Supa Fran Francheska
Francheska, also known as Supa Fran, is a supporting character in seven episodes who appears to be Spenza's girlfriend. She is a huge fan of El Matador and Dancing Rasta. She appears in the episodes "El Sound of Silencio," "Dooma's Day," "The 12th Man", "Hot Property," "With Fans Like These," "Greetings From Sunny Feratuvia," "The Crunch," and "Game Over." She once rallied fans of Supa Strikas to gather outside the stadiums when they got unfairly banned from a match due to violence.

Mac
Mac is an Argentinian commentator for soccer games, who formerly played in the Super League as a defender. He usually acts crazy and immaturely.

Brenda
Brenda is Mac's co-commentator from Portugal. Brenda is much more mature than Mac but joins in the craziness at times. She appears in all the episodes from season 2.

Jacques Cousteau
Jacques Cousteau is a French chef working for Supa Strikas.
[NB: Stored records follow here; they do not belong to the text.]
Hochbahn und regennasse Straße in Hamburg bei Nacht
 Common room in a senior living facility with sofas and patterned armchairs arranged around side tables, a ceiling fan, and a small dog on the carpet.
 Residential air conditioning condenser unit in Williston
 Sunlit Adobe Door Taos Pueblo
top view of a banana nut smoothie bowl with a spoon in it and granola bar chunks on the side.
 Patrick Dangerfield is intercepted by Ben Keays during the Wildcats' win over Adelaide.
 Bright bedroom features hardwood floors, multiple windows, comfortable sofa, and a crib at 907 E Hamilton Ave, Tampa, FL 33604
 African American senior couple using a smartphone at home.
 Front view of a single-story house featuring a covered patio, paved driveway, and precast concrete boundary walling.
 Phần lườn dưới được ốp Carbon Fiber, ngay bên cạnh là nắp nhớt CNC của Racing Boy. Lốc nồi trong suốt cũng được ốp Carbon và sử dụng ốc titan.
He is annoyed at his job with Supa Strikas because he could not show his culinary skills and was forced to cook diet food.

Albert
Albert is Big Bo's loyal butler. He makes a minor appearance in "Big Bo Lockdown", but in "Big Bo to Go" and "Scare Tactics", he makes a major appearance when he helps the protagonist.

Formation
Supa Strikas play with 10 men relevant on the team with the eleventh one being either Griz or Rizo. Their formation is 3-3-1-2.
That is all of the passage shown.